The embodiment of the invention provides a method for cleaning error marking data, which comprises the following steps:
training a deep learning classification model, wherein a loss function of the classification model is loglos _ fl;
adopting the trained classification model to reason each sample to obtain the prediction probability p of each sampleij,i=1,2,…,N;j=1,2,…,C;
Calculating a loss function loglos _ fl of each sample to obtain the loglos _ fl of each sample when N is 1;
Figure BDA0002413022710000011
wherein N is the number of samples, C is the number of categories, yijEqual to 1 indicates that the ith sample has a category of j, yijEqual to 0 indicates that the category of the ith sample is not j, and gamma is a hyper parameter;
sorting the loglos _ fl of each sample from large to small;
and taking a plurality of samples which are ranked at the top, and marking as error samples.
Preferably, γ is greater than 1.
Preferably, γ is greater than 1 and less than 2.
Preferably, γ is 1.5.
Preferably, the taking of a plurality of samples ranked at the top and marking as the error sample includes:
samples with loglos _ fl greater than the threshold are taken and labeled as erroneous samples.
Preferably, after the samples with the top rank are taken and marked as the error samples, the method further includes:
and re-labeling the error samples selected by the classification model.
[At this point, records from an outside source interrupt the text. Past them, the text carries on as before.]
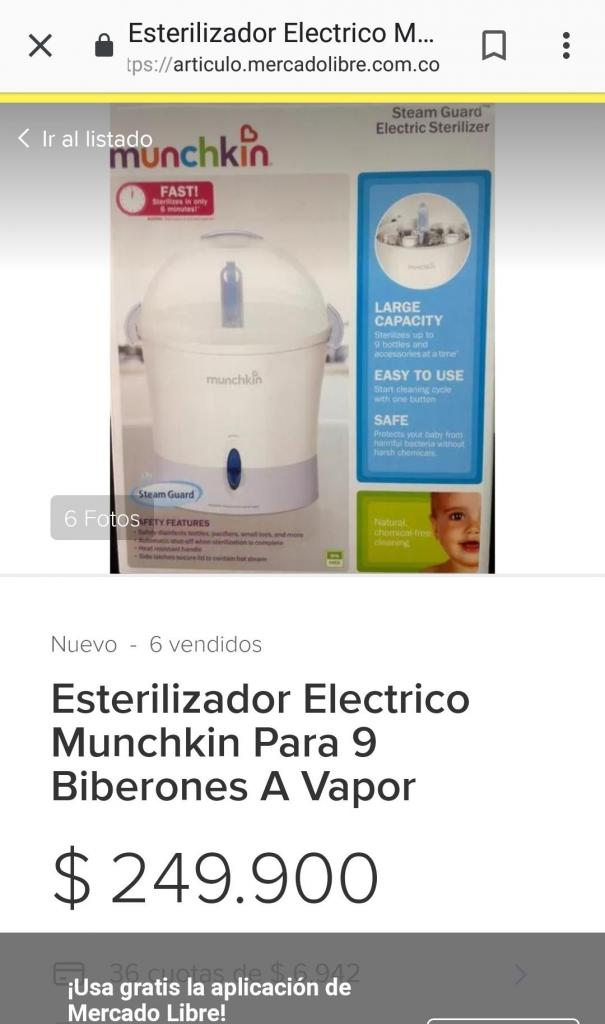 Estirilizador para estrenar de marca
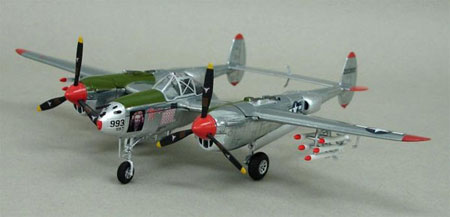 ダイキャストエアプレーンモデル 1 72 P 38j U S f 49fg 9fs R ボング少佐機 マージ993 スカイガーディアンズ 在庫切れ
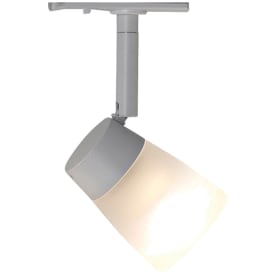 Halo Design Track Glass 1F skenspotlight, vit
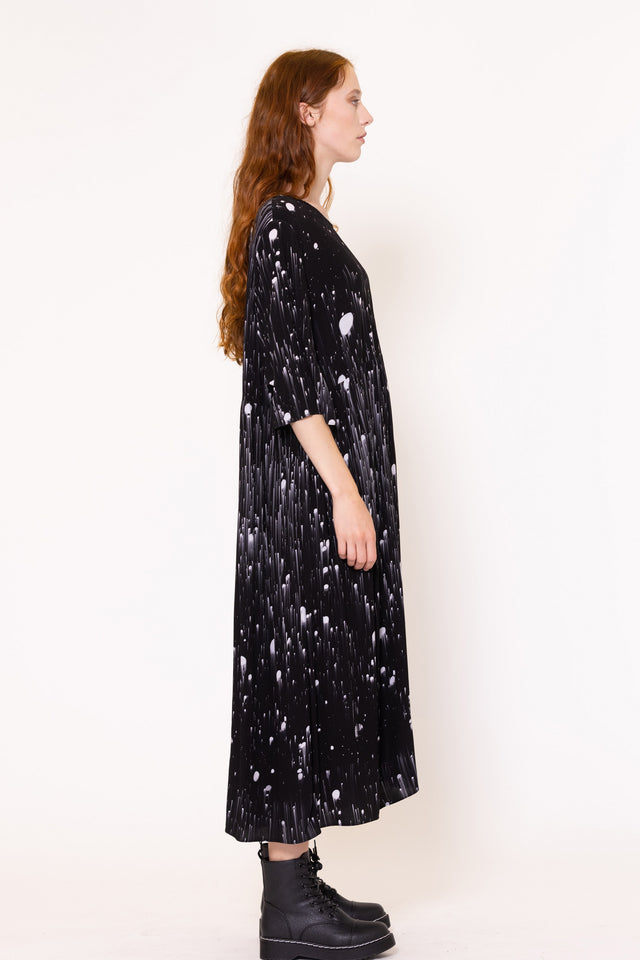Aman Dress (Falling Print)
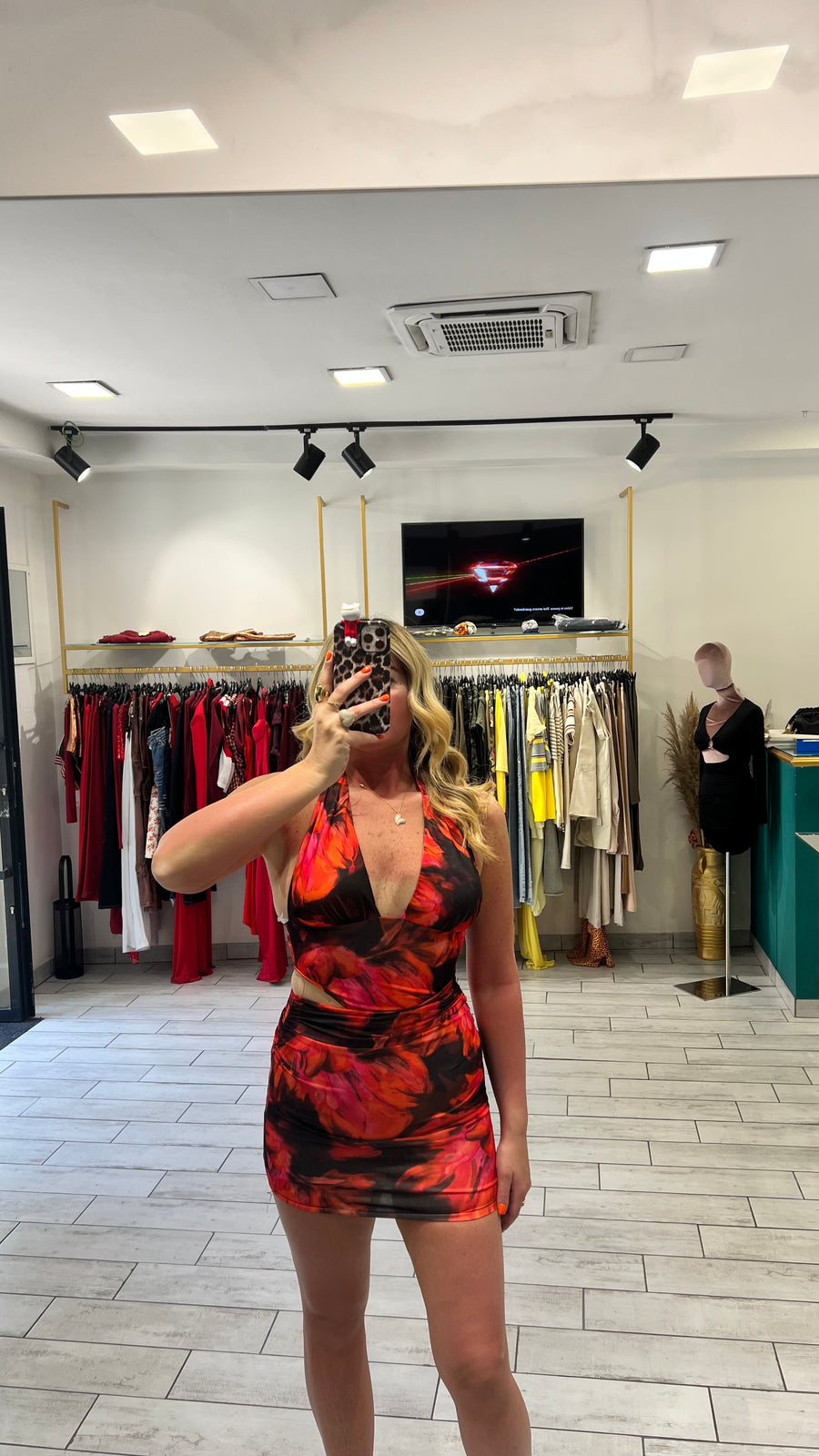 Dress Fimi Rosso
Preferably, the classification model is a neural network multi-classification model.
The embodiment of the present invention further provides a device for cleaning error marked data, wherein the device comprises:
the model training unit is used for training a deep learning classification model, and the loss function of the classification model is loglos _ fl;
a sample reasoning unit for reasoning each sample by using the trained classification model to obtain the prediction probability p of each sampleij,i=1,2,…,N;j=1,2,…,C;
The loss function calculating unit is used for calculating the loss function loglos _ fl of each sample to obtain the loglos _ fl of each sample when N is 1;
Figure BDA0002413022710000021
wherein N is the number of samples, C is the number of categories, yijEqual to 1 indicates that the ith sample has a category of j, yijEqual to 0 indicates that the category of the ith sample is not j, and gamma is a hyper parameter;
the sorting unit is used for sorting the logoss _ fl of each sample from large to small;
and the marking unit is used for taking out a plurality of samples sequenced in the front and marking the samples as error samples.
The embodiment of the present invention further provides a computer device, which includes a memory, a processor, and a computer program stored in the memory and executable on the processor, and when the processor executes the computer program, the method for cleaning error marking data as described above is implemented.
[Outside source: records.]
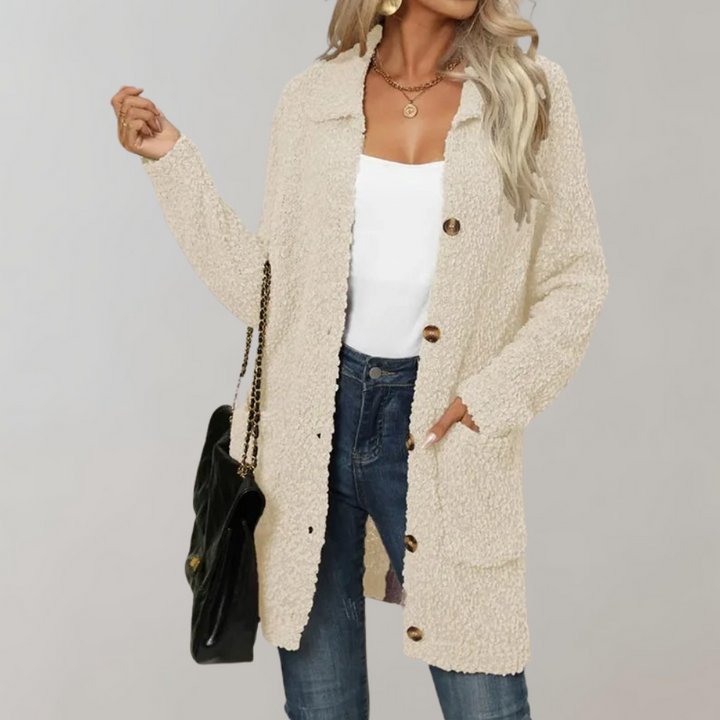 W&W Mode | Langes Damen Teddyweste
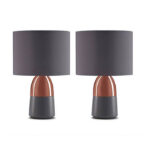 Комплект прикроватных ламп Xiaomi Oudengjiang Bedside Touch Table Lamp (серый)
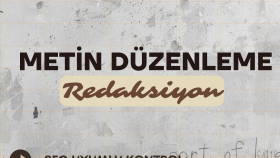 metinlerinizi profesyonelce redakte edebilirim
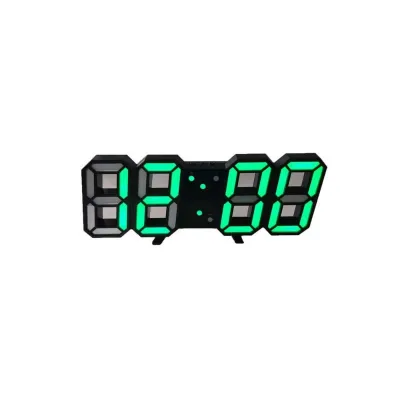 Digital Clock Wall LED 3D Smart with Calendar Temperature Alarm - Multifunctional Display for Office Home - Ambient Light Modern & Voice Control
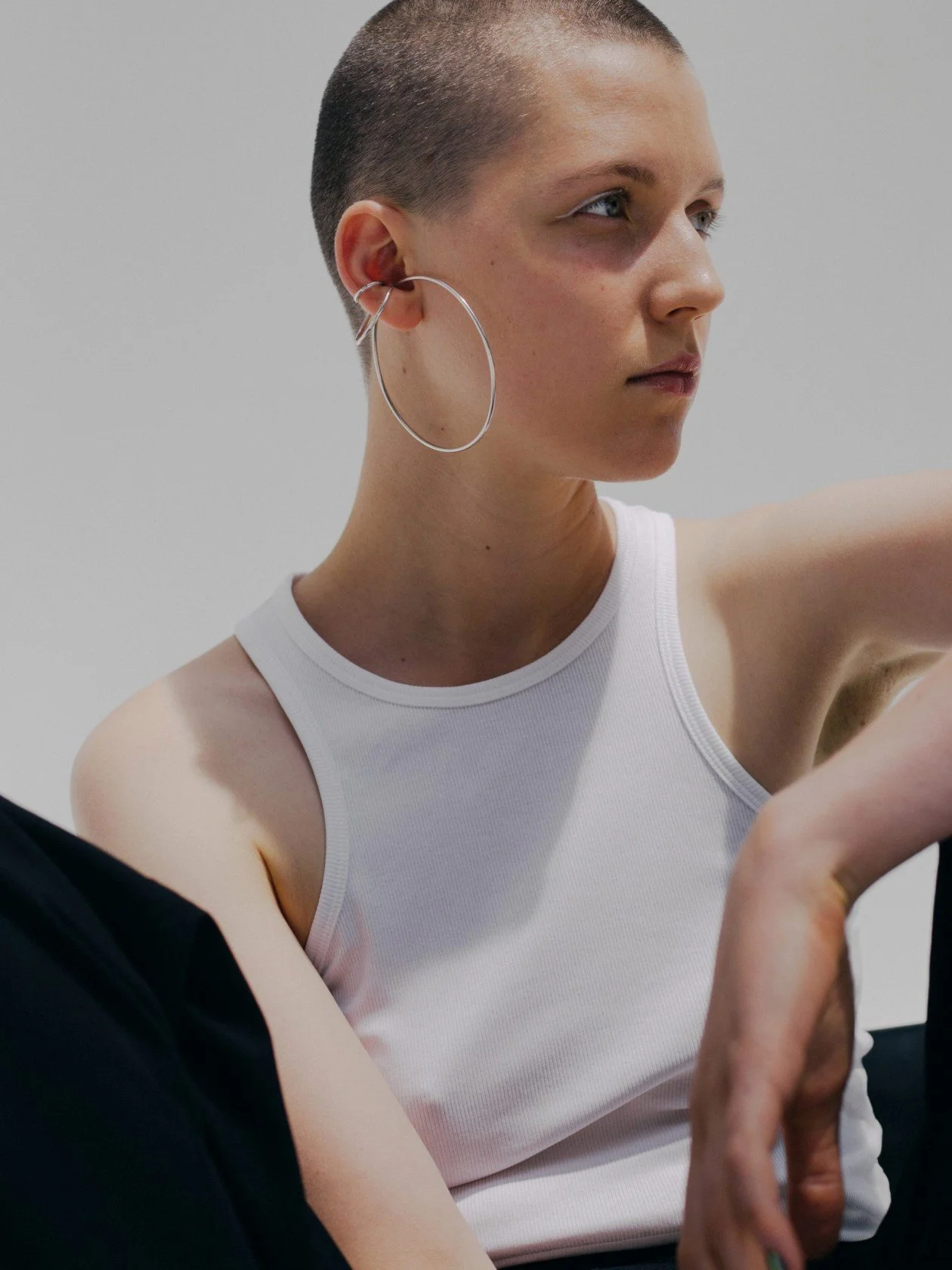 Saskia Diez - Bold Earcuff No3 — Poetry of Material Things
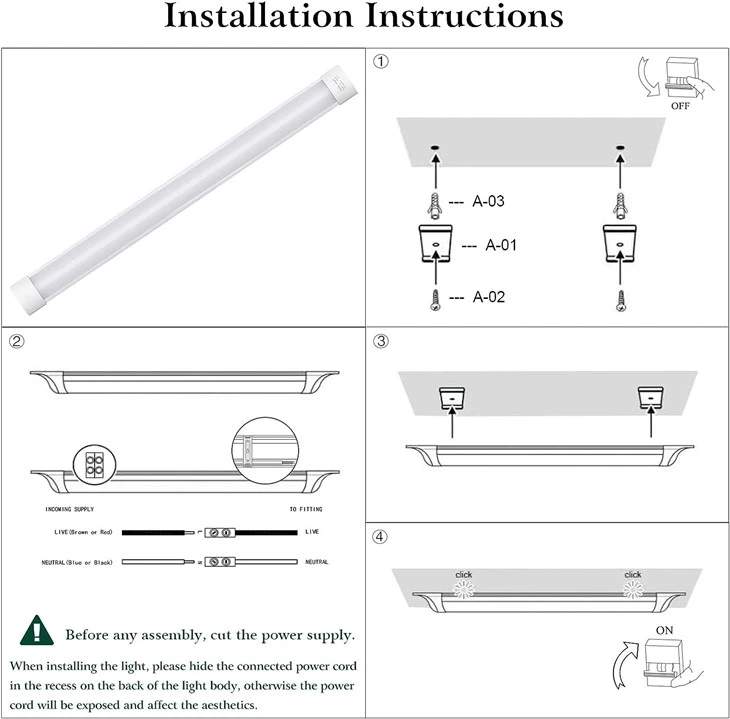 Ultra-Thin Ceiling Surface Mounted Light 4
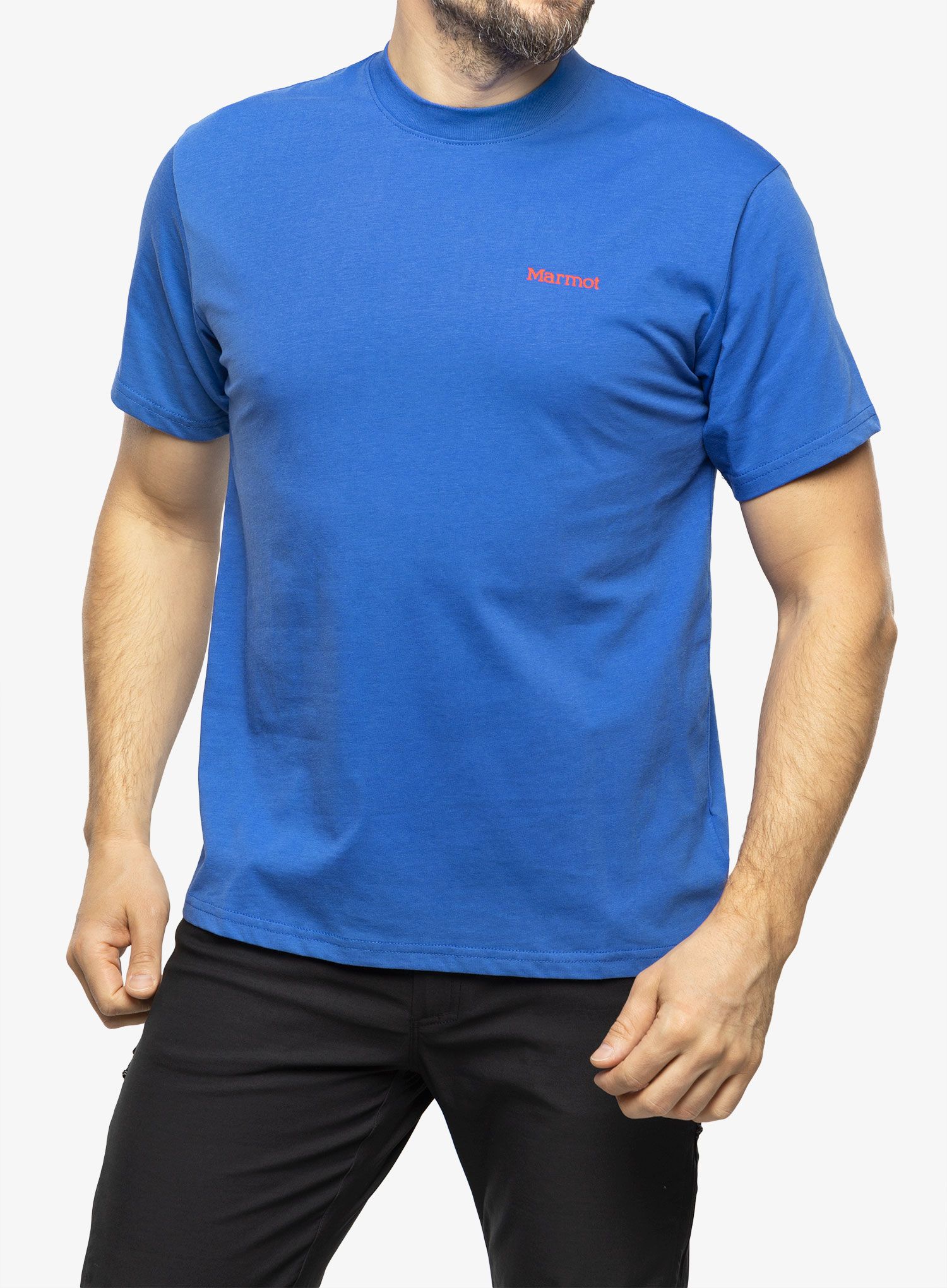 Majica s potiskom Marmot Dot Tee SS - trail blue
An embodiment of the present invention further provides a computer-readable storage medium, where the computer-readable storage medium stores thereon a computer program, and when the computer program is executed by a processor, the computer program implements the method for cleaning the error marking data as described above.
The embodiment of the invention provides a method and a device for cleaning error labeling data, computer equipment and a storage medium, wherein the method comprises the following steps: training a deep learning classification model, wherein a loss function of the classification model is loglos _ fl; adopting the trained classification model to reason each sample to obtain the prediction probability p of each sampleijI ═ 1,2, …, N; j ═ 1,2, …, C; calculating a loss function loglos _ fl of each sample to obtain the loglos _ fl of each sample when N is 1;
Figure BDA0002413022710000022
wherein N is the number of samples, C is the number of categories, yijEqual to 1 indicates that the ith sample has a category of j, yijEqual to 0 indicates that the category of the ith sample is not j, and gamma is a hyper parameter; sorting the loglos _ fl of each sample from large to small; and taking a plurality of samples which are ranked at the top, and marking as error samples. The embodiment of the invention greatly improves the accuracy rate of finding the wrong sample and improves the inspection efficiency.
Drawings
In order to more clearly illustrate the technical solutions of the embodiments of the present invention, the drawings needed to be used in the description of the embodiments are briefly introduced below, and it is obvious that the drawings in the following description are some embodiments of the present invention, and it is obvious for those skilled in the art to obtain other drawings based on these drawings without creative efforts.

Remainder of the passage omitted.